** WHAT TO DO **
Transcribe the data exactly, omitting whatever pictures it holds.

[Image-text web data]
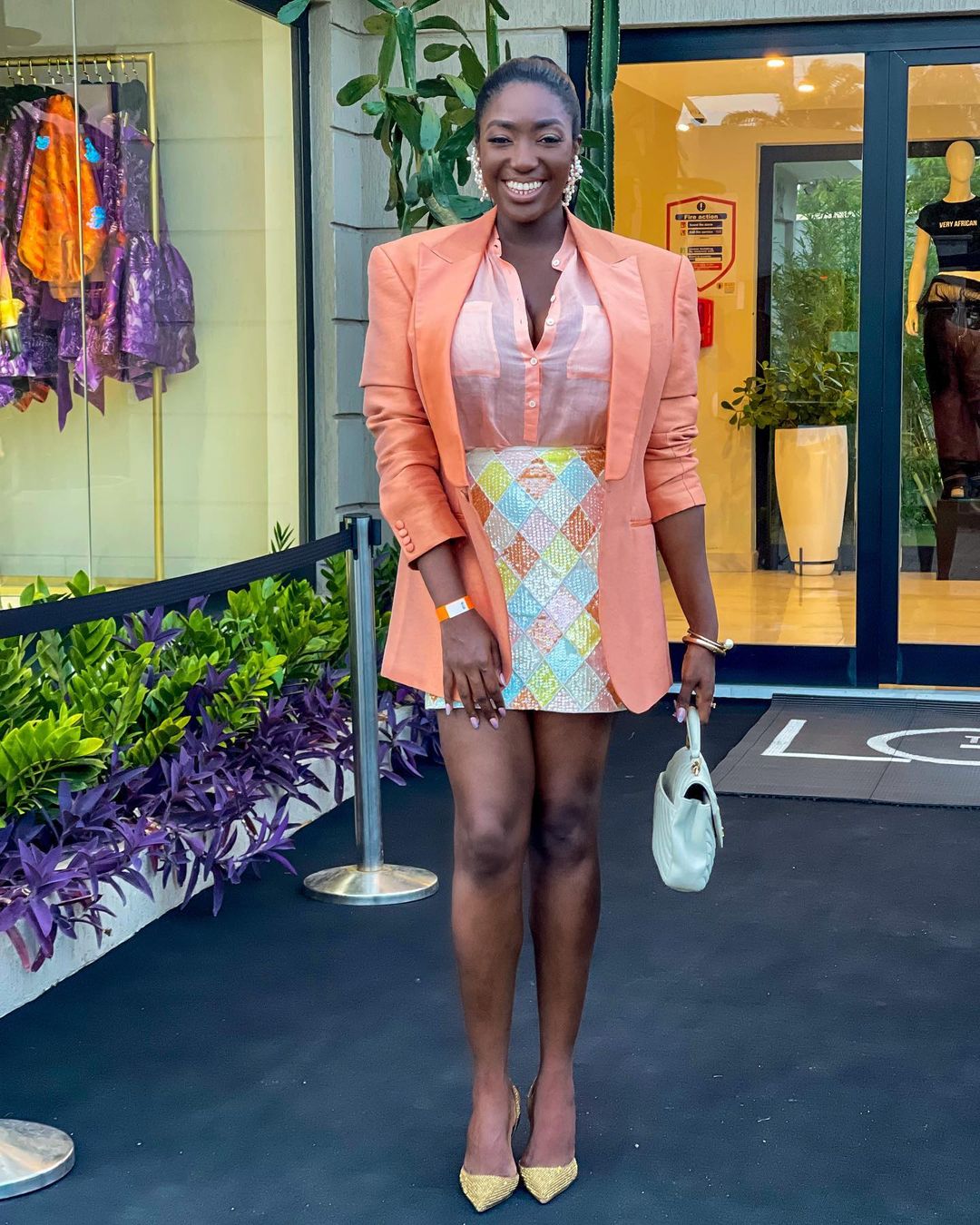 Styling Blazers - Aku-Sika Bekoe - Atafo Blazer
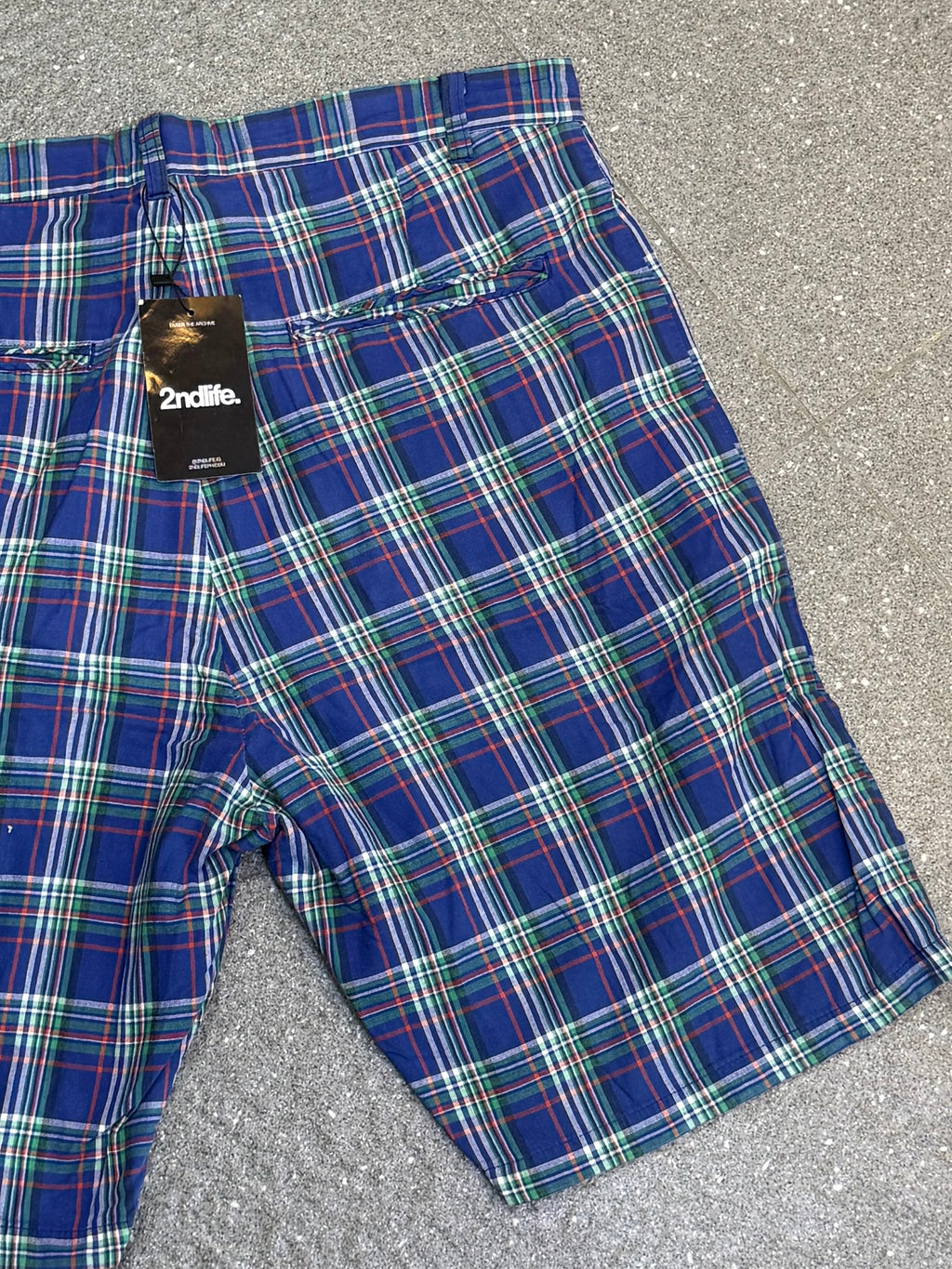 VTG Stussy Plaid Shorts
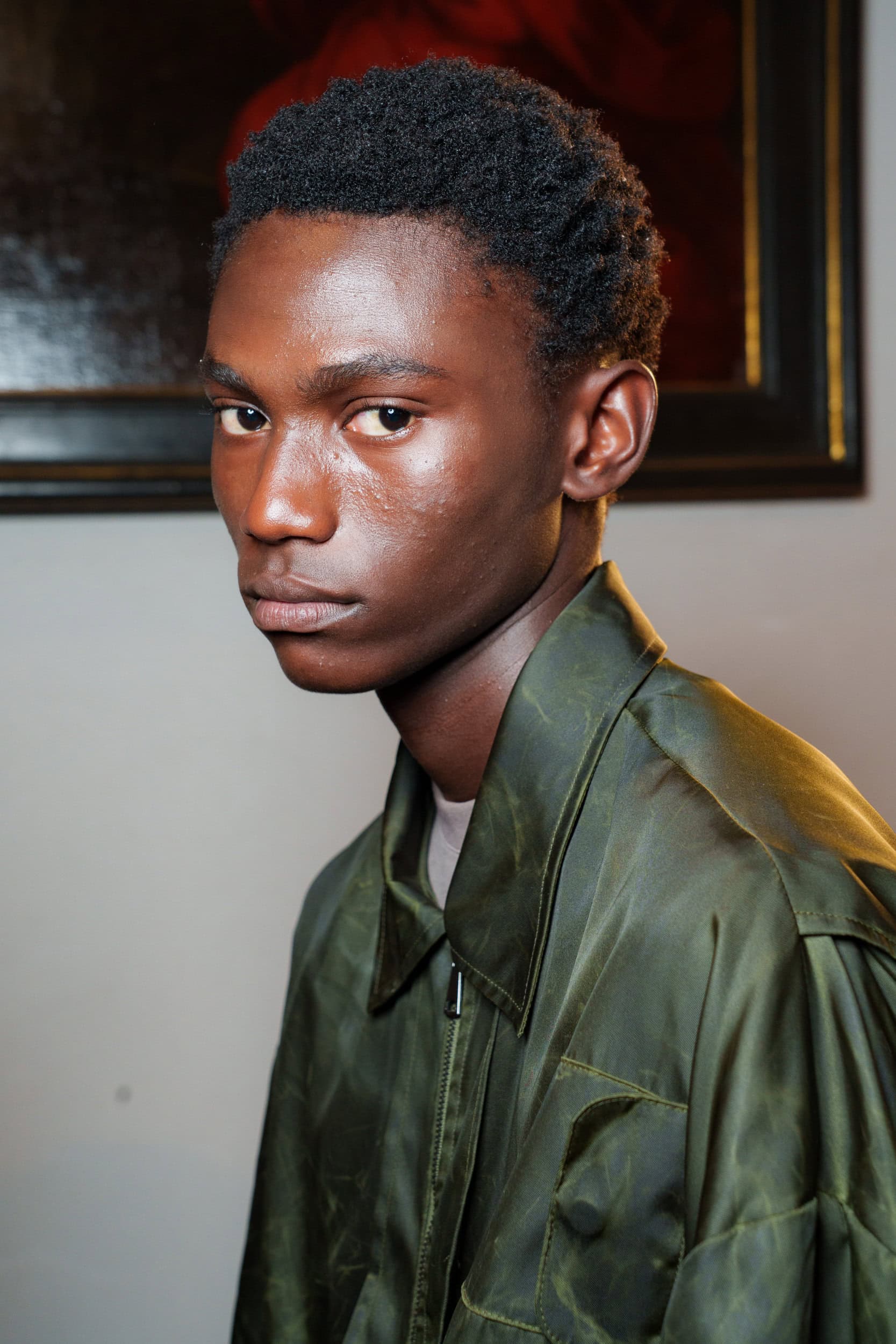 Qasimi Spring 2026 Men's Fashion Show Backstage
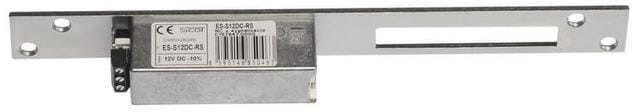 Elektrozaczep symetr.,rewers. z sygnalizacją SCOT ES-S12DC-RS PROFI-1594462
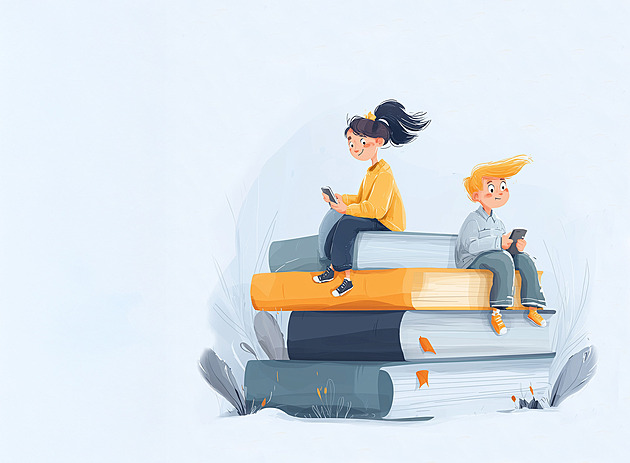 Číst si patnáct minut je dnes příliš. Jak se stalo, že máme problém s delšími texty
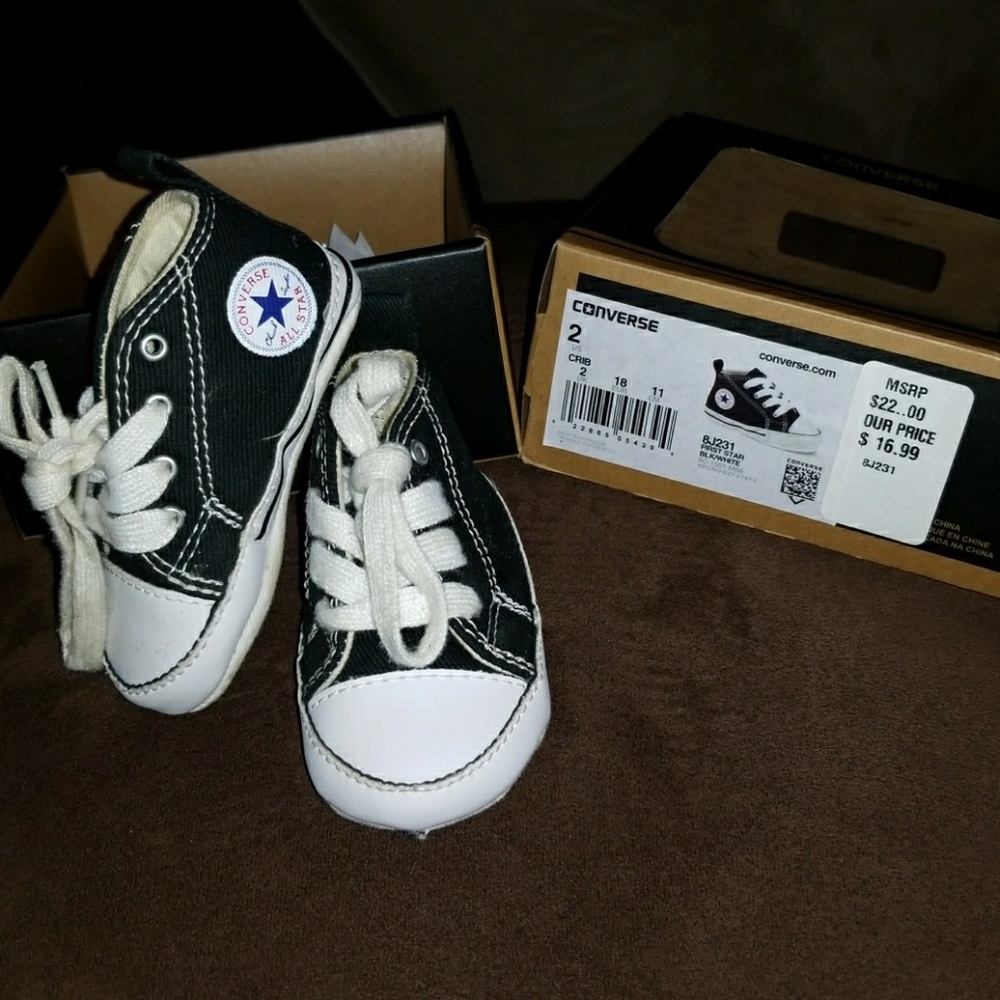 Black Converse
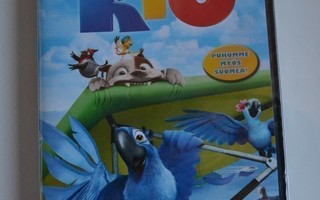 DVD Rio elokuva UUSI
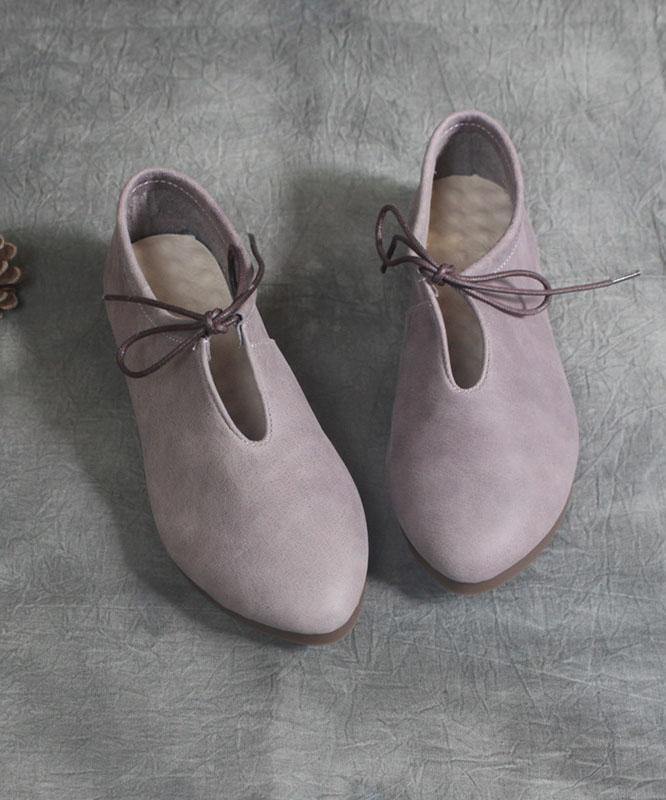 Beautifully Balanced Shoes with Timeless Character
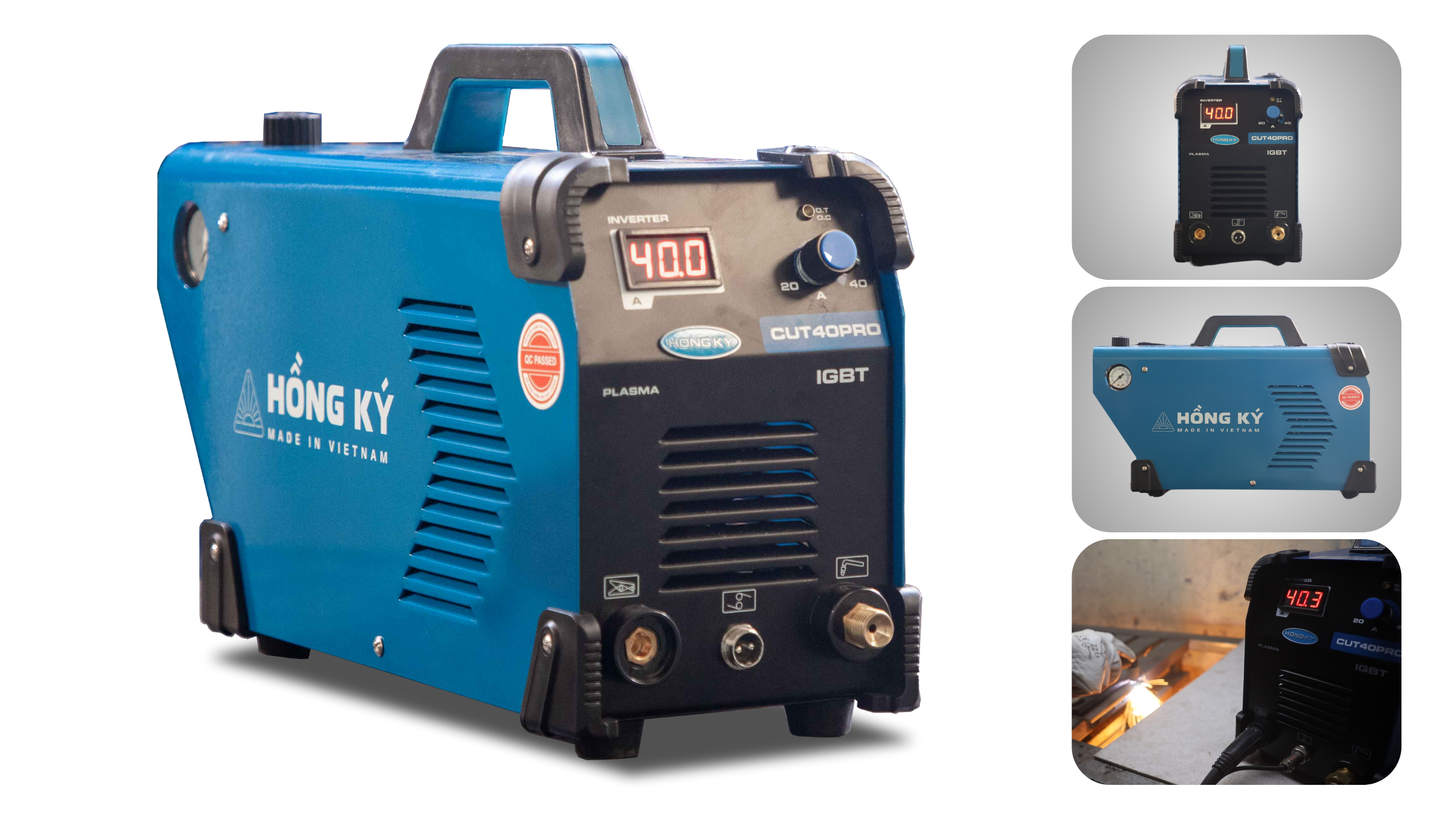 Máy cắt PLASMA Hồng Ký Pro CUT40PRO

** EXPECTED ANSWER **
 Styling Blazers - Aku-Sika Bekoe - Atafo Blazer
 VTG Stussy Plaid Shorts
 Qasimi Spring 2026 Men's Fashion Show Backstage
 Elektrozaczep symetr.,rewers. z sygnalizacją SCOT ES-S12DC-RS PROFI-1594462
 Číst si patnáct minut je dnes příliš. Jak se stalo, že máme problém s delšími texty
 Black Converse
 DVD Rio elokuva UUSI
 Beautifully Balanced Shoes with Timeless Character
 Máy cắt PLASMA Hồng Ký Pro CUT40PRO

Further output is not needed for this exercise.